Cream is an emulsion—fat globules suspended in liquid. Those fat globules are surrounded by membranes that keep them separate from each other and from the water.
When you shake the jar, you’re agitating those fat globules. You’re breaking down the membranes. You’re forcing the fat to clump together instead of staying suspended.
First, it whips—the fat traps air, creates structure, turns into whipped cream.
Then, with more agitation, the structure collapses. The fat fully separates from the liquid. The globules merge into a solid mass.
That solid mass is butter. The liquid left behind is buttermilk.
Not chemicals. No hydrogenation. No mysterious ingredients you can’t pronounce. Just mechanical separation of fat from liquid through physical force.
This is the same process that’s been used for millennia. In Ethiopia, they use a kirbe—a clay pot that gets rocked back and forth. But In West Africa, gourds. In Europe, wooden churns. In a fourth-grade classroom in Deaf Smith Elementary, a mason jar.
Different tools. Same principle. Humans transforming raw ingredients into food with their own hands.
Why This Matters in 2026
Look—I get it. You can buy butter at the store. It’s cheap. It’s convenient. You don’t have to shake anything for 10 minutes or rinse buttermilk or deal with any of this.
So why bother?
Because every time you make something yourself, you take back a little bit of power.
Seize power from the corporations that convinced you that food has to come from them. Power from the supply chains that can break, the prices that can spike, the shortages that can happen.

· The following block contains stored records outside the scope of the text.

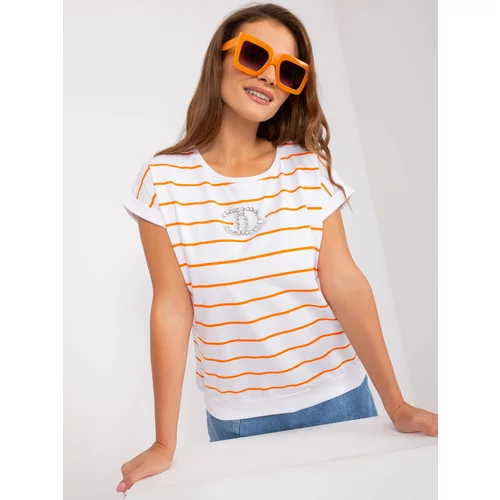 Fashion Hunters Ecru-orange striped blouse with appliqués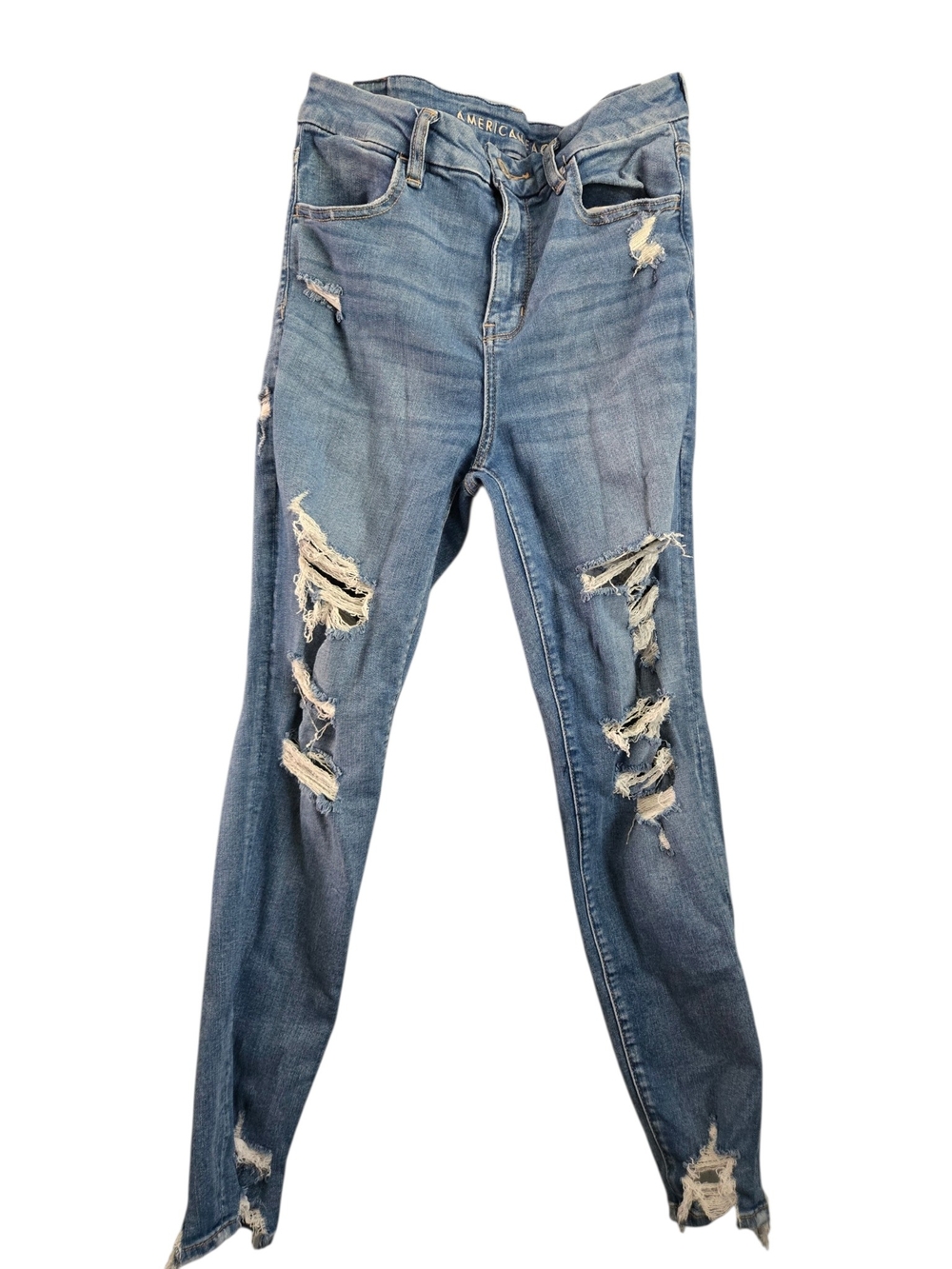 American Eagle Outfitters Curvy Distressed Skinny Jeans in Blue Wash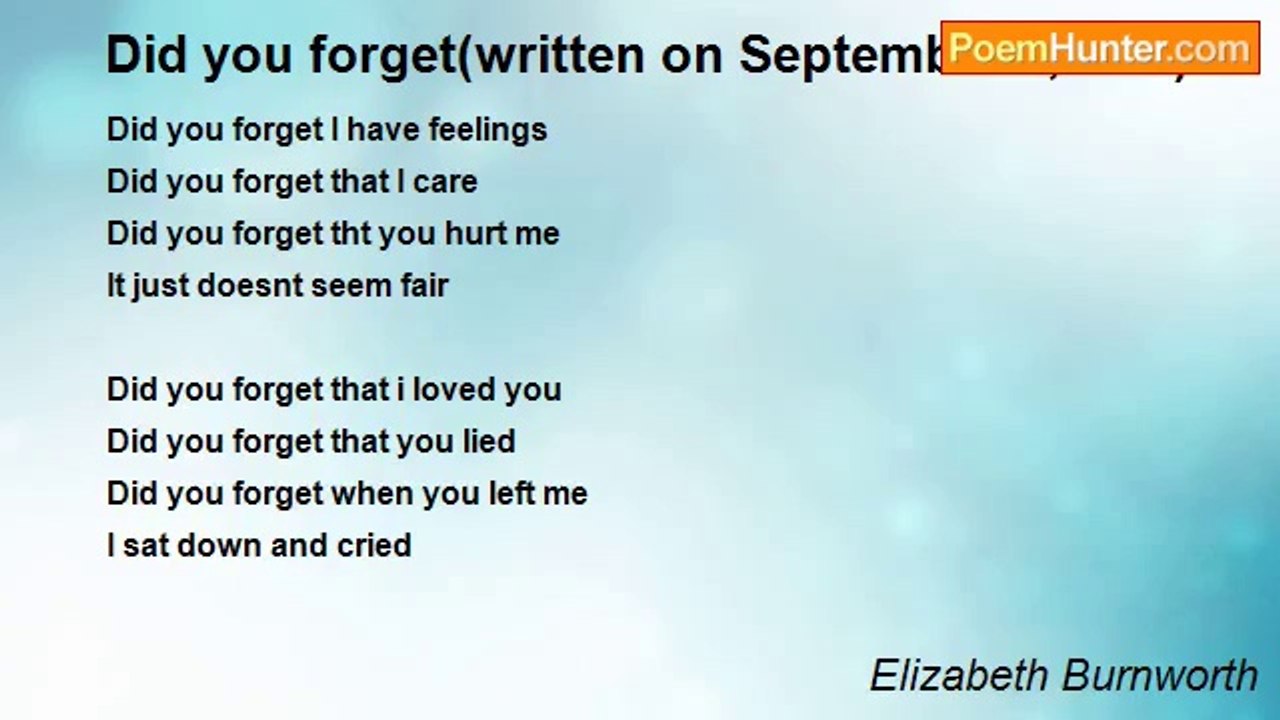 Elizabeth Burnworth - Did you forget(written on...
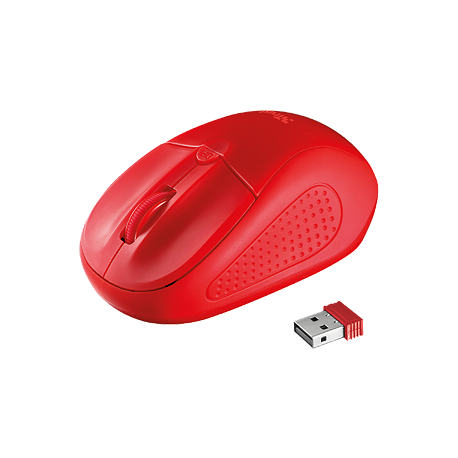 Trust Primo - Mouse - right and left-handed - optical - wireless - USB wireless receiver - red - 1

Power from the systems that want you dependent, that want you to believe transformation is too complicated, that want you buying instead of making.
When you know how to make butter, you know you can feed yourself. You know the process. You know what real food looks like, tastes like, feels like. Teach your kids. You can share with your neighbors. You can build community around something tangible and real.
And yeah—you also know that when someone tries to sell you margarine and call it progress, you can say “nah, I’m good” and make your own butter in 10 minutes with a jar and some cream.
That’s Afro-Futurism. Not rejecting technology or modernity, but reclaiming the knowledge and skills that keep us rooted, sovereign, capable. Using ancestral wisdom to navigate corporate systems. Building futures where we’re not just consumers but creators, where we pass down knowledge instead of depending on corporations to feed us.
Our ancestors churned butter because they had to. We churn butter because we choose to. Because we remember. Because we refuse to forget how.
The Bigger Conversation About Real Food
Making butter opened up something for my girlfriend and me. We started talking about all the other things that got replaced, rebranded, chemically altered in the name of “progress.”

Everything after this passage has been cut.